Home > Archive > PERL Beginners > December 2006 > HTML::TokeParser question
You are viewing an archived Text-only version of the thread.
To view this thread in it's original format and/or if you want to reply to
this thread please [click here]
| Author |
HTML::TokeParser question
|
|
| Mathew Snyder 2006-12-20, 3:59 am |
| I have a script which runs WWW::Mechanize to obtain a page so it can be parsed
for email addresses. However, I can't recall how I'm supposed to use
HTML::TokeParser to get what I need. This is the pertinent part of the script:
....
my $data = $agent->content();
my $parse = new HTML::TokeParser($data);
my @emails;
my $token;
while ($data) {
$token = $parse->get_trimmed_text("/small");
push @emails, $token;
}
foreach my $email (@emails){
print $email;
};
This gives me the error Can't call method "get_trimmed_text" on an undefined
value at ./check_delete_users.pl line 40.

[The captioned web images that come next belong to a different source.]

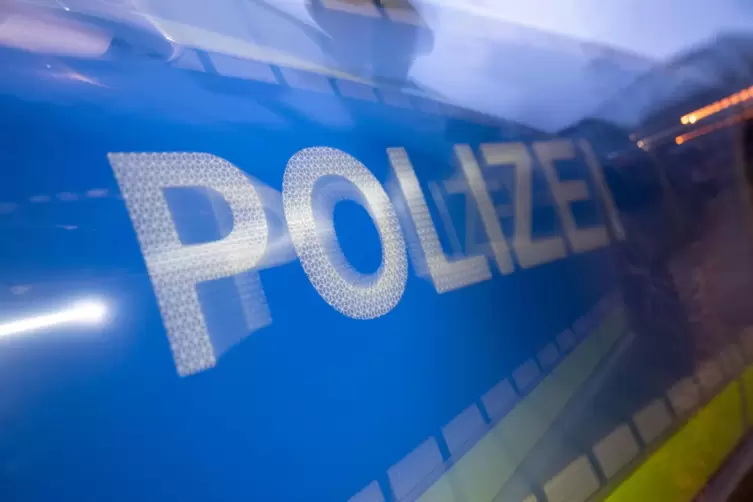 Die Polizei sucht Zeugen.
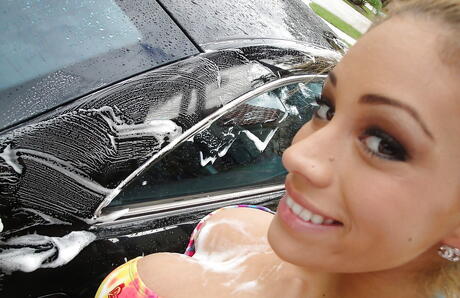 Inviting colombian babe Jamie Valentine bares big knockers and hot ass in car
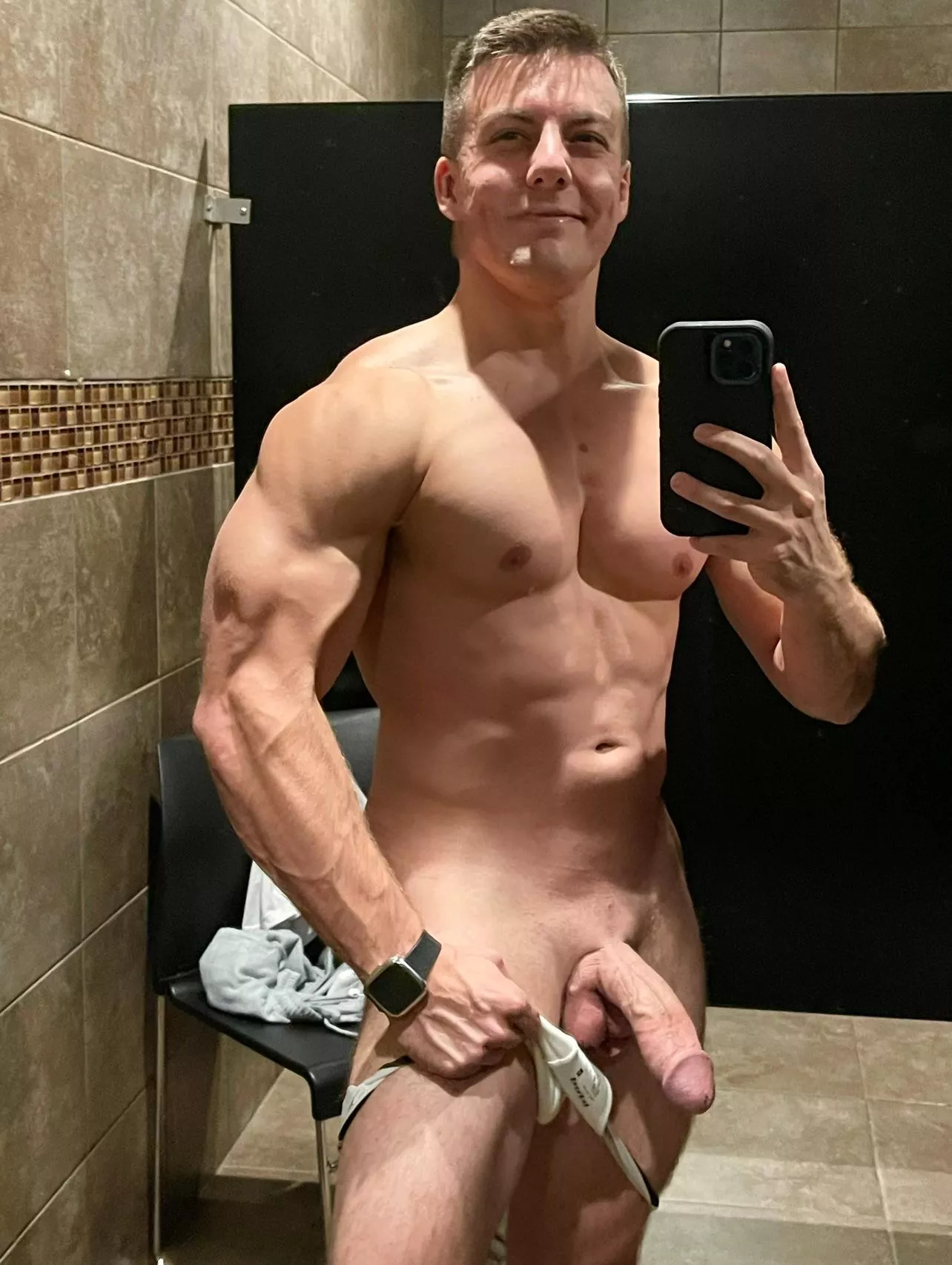 Check out my thick arms. So veiny [30] posted by Ian_Croft_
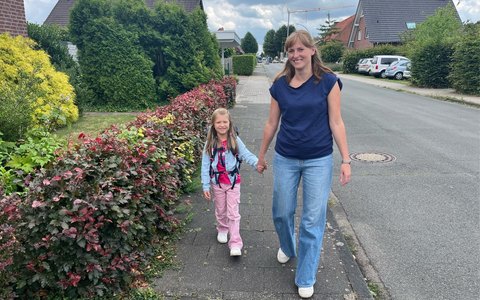 POL-BOR: Verkehrsfachleute im Kreis Borken empfehlen Schulwegtraining / Eltern sollten mit den angehenden ErstklĂ€sslern vorab den Schulweg ĂŒben / Aktion Kreis Borken sieht gelb! zum Schulbeginn - Foto: presseportal.de POL-BOR: Verkehrsfachleute im Kreis Borken empfehlen Schulwegtraining / Eltern sollten mit den angehenden ErstklĂ€sslern vorab den Schulweg ĂŒben / Aktion Kreis Borken sieht gelb! zum Schulbeginn - Foto: presseportal.de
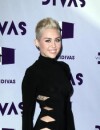 Miley Cyrus pousse un coup de gueule contre les paparazzi sur Twitter !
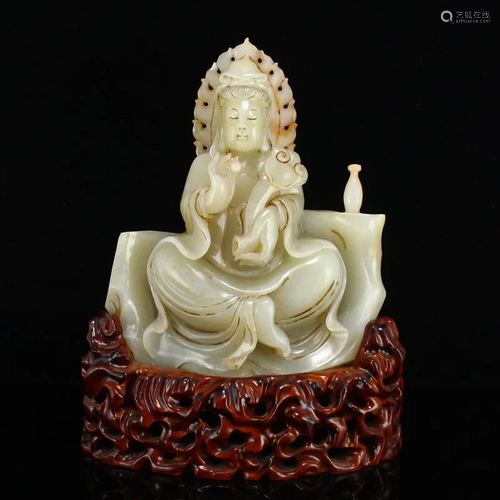 Chinese Qing Dynasty Hetian Jade Ruyi Kwan-yin Statue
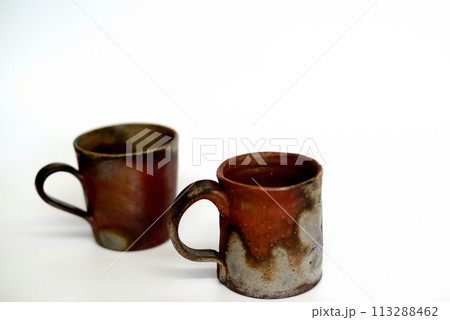 備前焼の空のコーヒーカップ 備前焼の空のコーヒーカップ 113288462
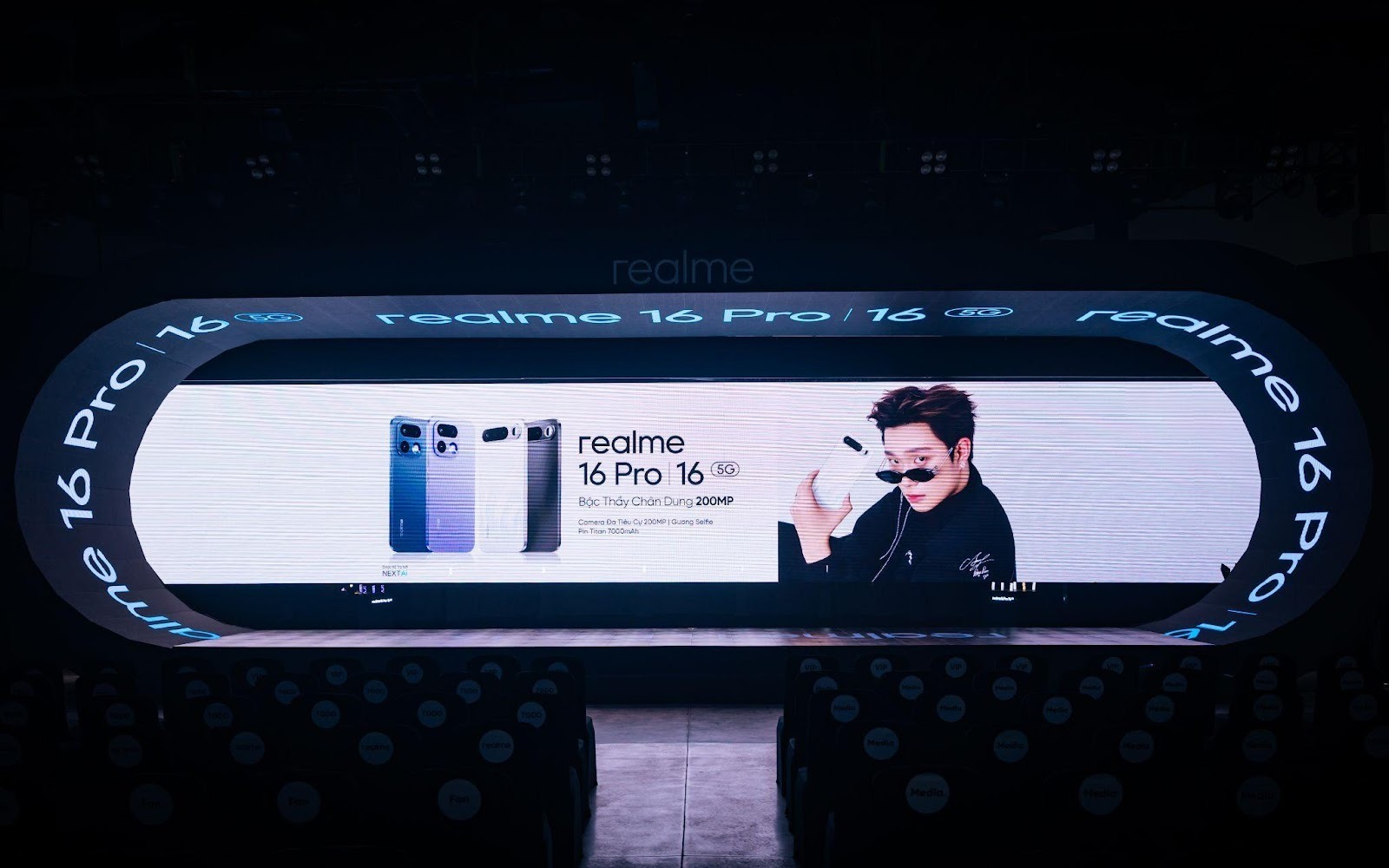 Ra mắt realme 16 Pro/5G: Camera đa tiêu cự 200MP, gương selfie, pin Titan 7000mAh, hoàn hảo chiến game 8 Ra mắt realme 16 Pro/5G: Camera đa tiêu cự 200MP, gương selfie, pin Titan 7000mAh, hoàn hảo chiến game - image 127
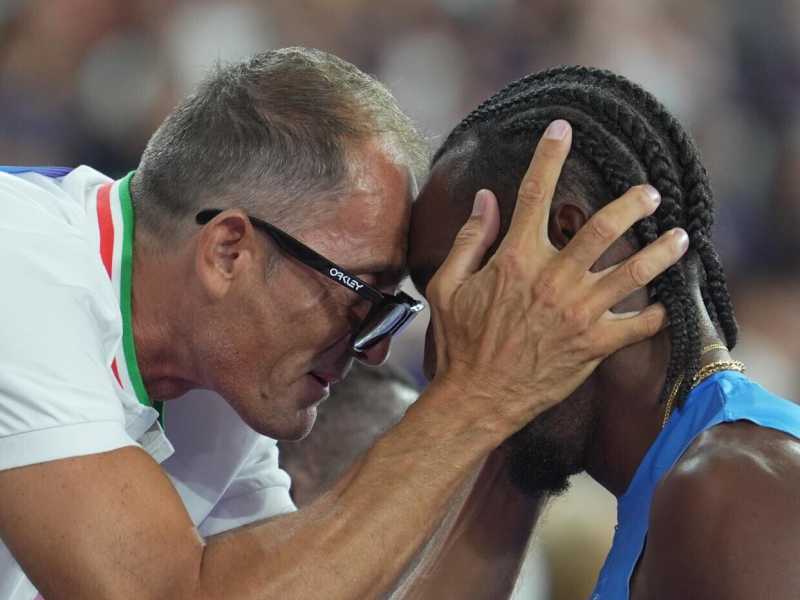Fabrizio Donato con Andy Díaz dopo il bronzo olimpico a Parigi 2024 (foto LaPresse)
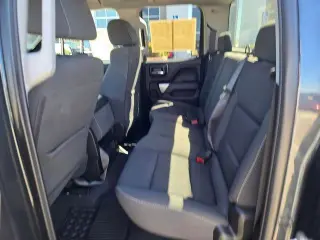 Chevrolet Silverado 1500 LD 2019 4x4 LT 4dr Cab Double con 6.5 pies de ancho SB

I had this working at one point but lost the file. What am I missing?
Mathew
| |
| Mumia W. 2006-12-20, 3:59 am |
| On 12/19/2006 10:58 PM, Mathew Snyder wrote:
> I have a script which runs WWW::Mechanize to obtain a page so it can be parsed
> for email addresses. However, I can't recall how I'm supposed to use
> HTML::TokeParser to get what I need. This is the pertinent part of the script:
>
> ...
> my $data = $agent->content();
> my $parse = new HTML::TokeParser($data);
> my @emails;
> my $token;
>
> while ($data) {
> $token = $parse->get_trimmed_text("/small");
> push @emails, $token;
> }
>
> foreach my $email (@emails){
> print $email;
> };
>
> This gives me the error Can't call method "get_trimmed_text" on an undefined
> value at ./check_delete_users.pl line 40.
>
> I had this working at one point but lost the file. What am I missing?
>
>
> Mathew
>
It looks like the invokation of HTML::TokeParser->new() failed.
Read the documentation HTML::TokeParser to find out why. Hint: the "new"
method expects a simple scalar to be a file name.
Also, you get the content of the request not directly from the
user-agent object, but from the response object returned by the "get"
method.
| |
| Rob Dixon 2006-12-20, 9:58 pm |
| Mumia W. wrote:
> On 12/19/2006 10:58 PM, Mathew Snyder wrote:
>
> It looks like the invokation of HTML::TokeParser->new() failed.
>
> Read the documentation HTML::TokeParser to find out why. Hint: the "new"
> method expects a simple scalar to be a file name.
>
> Also, you get the content of the request not directly from the user-agent
> object, but from the response object returned by the "get" method.
No. A call to $agent->content is valid and does what is expected.
Rob
| |
| Rob Dixon 2006-12-20, 9:58 pm |
| Mathew Snyder wrote:
>
> I have a script which runs WWW::Mechanize to obtain a page so it can be parsed
> for email addresses. However, I can't recall how I'm supposed to use
> HTML::TokeParser to get what I need. This is the pertinent part of the
> script:
>
> ...
> my $data = $agent->content();
> my $parse = new HTML::TokeParser($data);
If you are supplying an HTML string directly then the 'new' method expects a
scalar reference. A simple scalar is assumed to be a filename, and checking the
return value from the constructor would have shown your problem.
my $parse = new HTML::TokeParser(\$data) or die $!;
> my @emails;
> my $token;
>
> while ($data) {
$data remains unchanged and will always be true. You need to fetch all the
<small> tags in the HTML and exit the loop when there are no more.
while ($parse->get_tag('small')) {
> $token = $parse->get_trimmed_text("/small");
> push @emails, $token;
> }
>
> foreach my $email (@emails){
> print $email;
> };
>
> This gives me the error Can't call method "get_trimmed_text" on an undefined
> value at ./check_delete_users.pl line 40.
>
> I had this working at one point but lost the file. What am I missing?
The rest should work.
HTH,
Rob
|
|
|
|
|